BOSTON, July 20 /PRNewswire-FirstCall/ -- Wainwright Bank
& Trust Company (Nasdaq: WAIN) reported consolidated net income
of $2,199,000 for the quarter ended
June 30, 2010 and basic earnings per
share of $.29 ($.27 per diluted share). This compares to
consolidated net income of $1,395,000
and basic and diluted earnings per share of $.14 for the quarter ended June 30, 2009. Consolidated net income of
$4,308,000 for the six months ended
June 30, 2010 represents an increase
of $1,353,000 from $2,955,000 for the same six-month period in 2009.
Basic earnings per share were $.57 for the six months ended June 30, 2010 ($.52
per diluted share) compared to $.31
for the six months ended June 30,
2009 ($.29 per diluted share).
The average balance of core deposit products increased
$63 million, or 15%, to $490 million in the six months ending
June 30, 2010 compared to
June 30, 2009. NOW, demand
deposit, savings, and money market products increased $26 million, $20
million, $12 million, and
$5 million, respectively. This
increase in core deposits was partially offset by a decline of
$23 million in higher cost
certificates of deposit. In addition, the Bank has benefited
from the maturities of higher cost, long term Federal Home Loan
Bank advances resulting in a net repayment of $29 million.
The Bank's average interest-earning assets decreased
$8 million, or 1%, to $995 million from $1.0
billion for the six months ending June 30, 2010 and 2009, respectively. The
Bank's average outstanding loan balances declined $12 million, or 1%, to $811 million in the first half of 2010 when
compared to the same period in 2009. As a result of the soft
economy, the Bank has continued to reduce its exposure in the
commercial construction segment of the loan portfolio, which has
decreased $27 million.
Contributing to the decline was the commercial loan portfolio
which decreased $10 million.
Residential real estate loans increased $24 million, or 6%, during the period which
partially offset the decline in the commercial and commercial
construction portfolios.
Net interest income was $17.1
million for the six months ended June
30, 2010 compared to $15.3
million for the same period of 2009, an increase of
$1,818,000, or 12%. The Bank's
net interest margin climbed to 3.47% in the six months ending
June 30, 2010 compared to 3.08% in
the same six-month period in 2009. The primary reason for the
increase in net interest income is the decline in the cost of
interest-bearing liabilities, which decreased 56 basis points to
1.80% for the six months ending June 30,
2010 compared to 2009, resulting in a decline in interest
expense of $2.4 million.
Partially offsetting the benefit from reduced funding costs
was the decline in interest and dividend income. The
$12 million decrease in the average
balance of the loan portfolio described above contributed to the
decrease in interest income. Similarly, the current low rate
environment contributed to reduced interest and dividend income
earned on its securities portfolio.
Jan A. Miller, President and CEO,
stated, "We are very pleased with our financial performance in the
first half of 2010. Our interest margin has continued to
improve as we have replaced maturing certificates of deposit and
Federal Home Loan Bank advances with lower cost core deposits.
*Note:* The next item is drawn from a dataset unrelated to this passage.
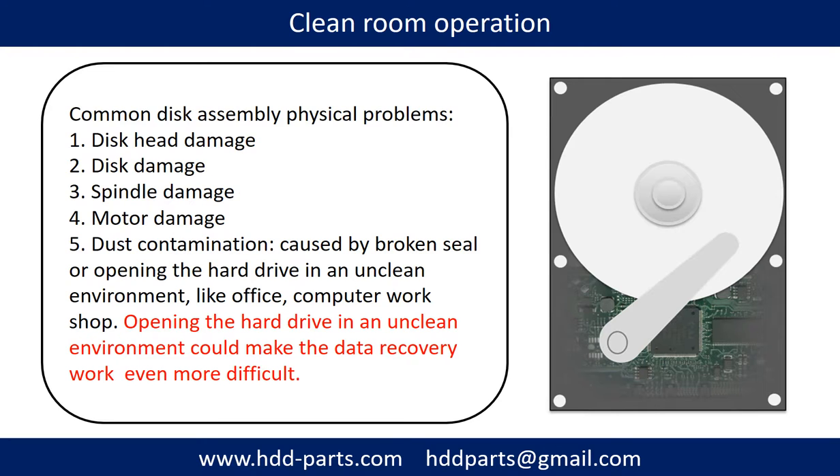Clean room operation. Common disk assembly physical problems include: disc head damage, disc damage, spindle damage, motor damage, and dust contamination. Dust contamination could be caused by a broken seal or by opening the hard drive in an unclean environment like an office or computer workshop. Opening the hard drive in an unclean environment could make data recovery work even more difficult.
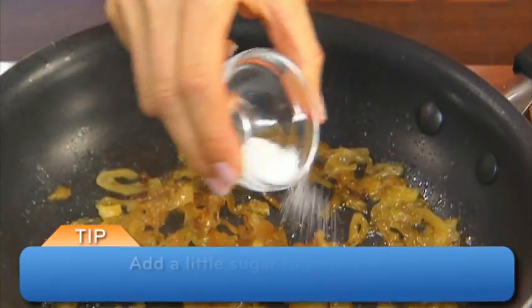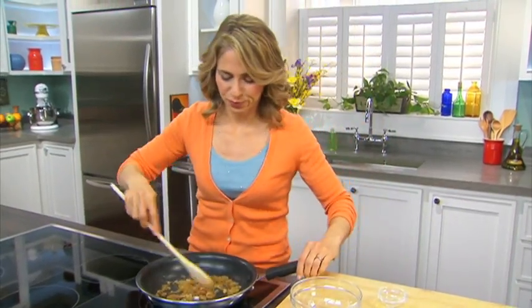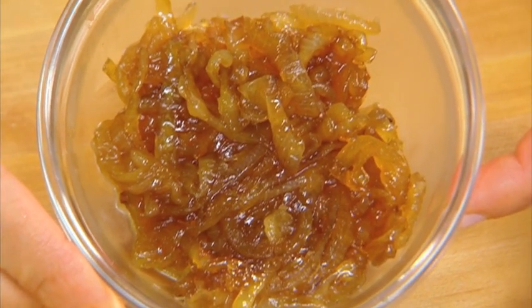To guarantee that your caramelized onions get nice and sweet, you can add just a tiny bit of sugar — I'm just adding a quarter teaspoon of sugar. Give it a stir and there you go: caramelized onions, a nice flavorful and sweet addition to many of your dishes.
We closed on the final portion of our New Markets Tax Credit
allocation in June and have applied for an additional allocation in
2010. Our residential lending has been very strong in 2010 and our
commercial loan activity picked up in the 2nd quarter as well. In
late June we announced our intent to merge with Eastern Bank and we
are excited about the opportunities the combined banks will present
to our retail, non-profit and commercial customers."
The provision for credit losses was $200,000 and $1.0
million for the six months ended June
30, 2010 and 2009, respectively. A provision is made
based on management's assessment of the adequacy of the allowance
for credit losses after considering historical experience, current
economic conditions, changes in the composition of the loan
portfolio, and the level of non-accrual and other non-performing
loans. The reserve for credit losses was $10.3 million, $10.3
million, and $9.5 million
representing 1.24%, 1.26%, and 1.15% of total loans at June 30, 2010, December
31, 2009, and June 30, 2009,
respectively. The Bank had net charge-offs of $173,000 and $263,000 in the six months ended June 30, 2010 and 2009, respectively.
Nonaccrual loans amounted to $4.2
million, $3.5 million, and
$4.2 million at June 30, 2010, December
31, 2009, and June 30, 2009,
respectively. The nonaccrual loans as of June 30, 2010 included thirteen residential
customers that total $3.7 million, of
which six totaling $1.7 million
represent modified mortgages where the borrower is current on
payments and two totaling $693,000
that are in the process of foreclosure. The remaining
nonaccrual loans include six commercial relationships totaling
$510,000. At June 30, 2010, loans 30 days or more past due
represented 0.98% of the total loan portfolio, a decrease from
1.25% at December 31, 2009.
Total noninterest income was $4.1
million and $3.6 million for
the six months ended June 30, 2010
and 2009, respectively, an increase of $571,000, or 16%. The variance between the
two periods is due to an increase in New Market Tax Credit fees and
one-time fees of $433,000 paid upon
the payoff of commercial real estate loans which were partially
offset by a decrease in the gains on the sales of securities.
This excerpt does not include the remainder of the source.